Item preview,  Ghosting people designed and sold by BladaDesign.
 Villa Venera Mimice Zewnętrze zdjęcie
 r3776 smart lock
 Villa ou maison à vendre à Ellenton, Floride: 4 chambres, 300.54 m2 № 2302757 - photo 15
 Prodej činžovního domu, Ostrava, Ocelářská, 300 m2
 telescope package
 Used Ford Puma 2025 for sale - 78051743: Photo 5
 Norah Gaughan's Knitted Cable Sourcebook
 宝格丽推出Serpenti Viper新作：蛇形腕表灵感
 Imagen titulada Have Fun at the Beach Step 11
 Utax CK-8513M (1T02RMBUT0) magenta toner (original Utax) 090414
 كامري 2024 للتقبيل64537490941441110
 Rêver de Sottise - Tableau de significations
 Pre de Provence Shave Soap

------

Your instructions » Count the lines of the material that include the word "Villa", then state only the total.

Your response » 2